What do the terms of “memcpy” and “cpu time” in th profiler output represent?
Is the “memcpy” memcpy() executed by CPU?
The execution time of a kernel method equals to the sum of the “GPU time” + “CPU time”
No, CPU time is the time it takes a kernel call as seen from CPU. GPU time is the time the GPU is actually busy (kernel call overhead not included, that is included in CPU time)
memcopy is the time the memcopy call takes (CPU time also)
So GPU time is the time between kernel start and return on GPU and CPU time is the time between the start and end of the kernel call on CPU(kernel execution time not included). Do I understand you correctly?
CPU time is the time between the start and end of the kernel call on CPU(kernel execution time included)
But isn’t kernel call asynchoronous? The programing guide says the host won’t wait for a global kernel to complete.
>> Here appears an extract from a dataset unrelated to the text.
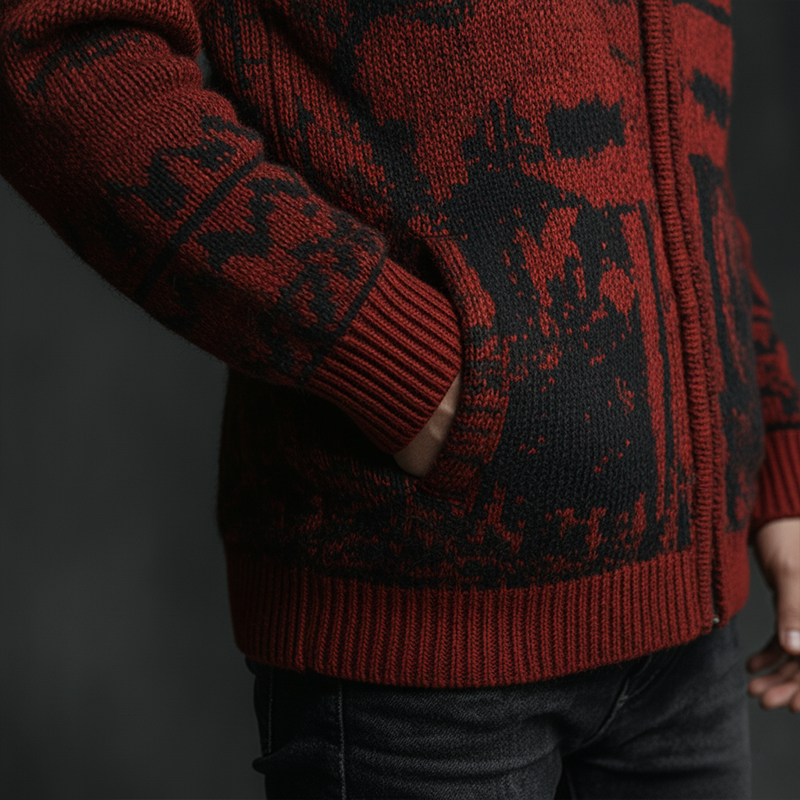 Men's Winter Retro Contrast Color Knitted Jacquard Cotton Yarn Hooded Cardigan MTA2351J3P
And I got one profiling result showing a kernel with GPU time less than CPU time.
External Image My mistake, I was too careless reading the output…
In normal code yes, but in the profiler no.
CPU time = GPU time + overhead, so GPU time should always be less than CPU time. If you have a profile where CPU time < GPU time I would be very surprised and you should file a bug report ;)
I know the CUDA Visual profiler is a method to time your programs different parts, but is this an accurate way to time your program, or is it better to time it using the timers inside the program itself?
well you can accurately time your program between the first and last CUDA call I guess. You can ask the profiler to save CPU time. Than you can see how many time has passed between your cuda-related calls.
Enabling Profiler reduces the GPU clock and your app would actually run slower!!!
Dont use profiler to time your code!!!
Read “Release Notes” , search for “profiler” – If an application crashes while profiling is enabled, the GPU clocks remain reduced even for other GPU applications which dont need profiling. You have to reboot it to get it fixed…
– I experienced it just now!!! I was getting 57x and I rebooted and I got 65x – with no change in inputs or anything… Jusss the profiler clocks down the GPU…
Beware…
Yeah, definitely don’t time your code with profiler. It is VERY useful for determining what parts of your program are worth optimizing though :)
Hmm, that is good news indeed. My real performance will be even better than what I thought :)
CudaEvents it shall be I guess
I am facing the following problems with the CUDA profiler:
(1)
I have an application where after each kernel call, I use memcpy to copy some data from the GPU to the CPU. The memcpy does a very simple 4byte (integer) copy from the GPU to the CPU. This memcpy is called as many times as the kernel is called.
When I used the cuda visual profiler I found that it correctly reports the number of times the memcpy is called, but some how does not report the amount of time spent in the memcpy correctly. You can also see from the cuda profiler that memcpy time is reported in the GPU usec and not in CPU usec for any program.
So my question is does the size of data transfer (and hence the time spent) influence the result displayed by the visual profiler for memcpy operation time ?
yes, it differs. The reason you only see GPU time is as far as I know because the GPU is doing the memcopy.